◆ **Given material**:
▬▬▬▬▬▬▬▬▬▬
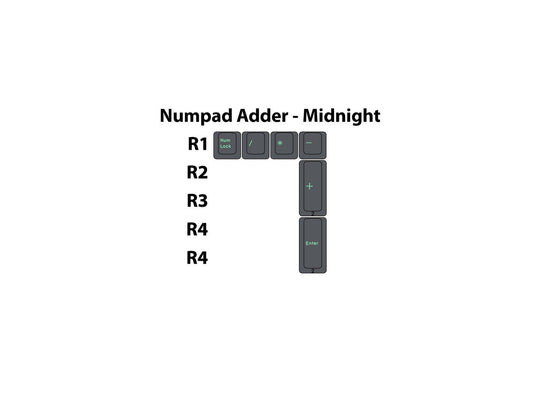 Mid NP Mod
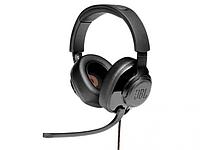 Наушники проводные накладные с микрофоном JBL Quantum 300 Black JBLQUANTUM300BLK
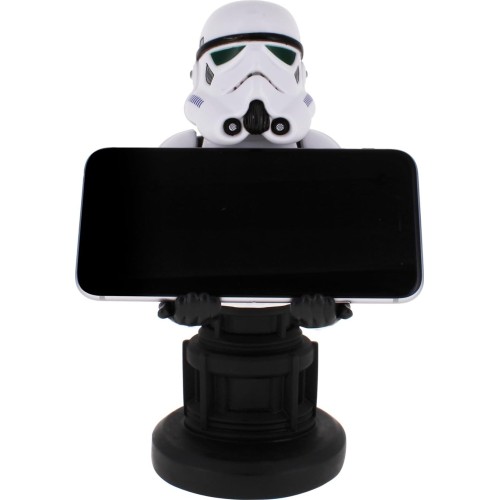 EXG Pro Cable Guys - Star Wars Stormtrooper Gaming Αξεσουάρ Θήκη Και Τηλέφωνο 087355 5060525890406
▬▬▬▬▬▬▬▬▬▬
◆ **Work request**:
Reproduce the material exactly; keep pictures out.

◆ **Solution for this problem**:
 Mid NP Mod
 Наушники проводные накладные с микрофоном JBL Quantum 300 Black JBLQUANTUM300BLK
 EXG Pro Cable Guys - Star Wars Stormtrooper Gaming Αξεσουάρ Θήκη Και Τηλέφωνο 087355 5060525890406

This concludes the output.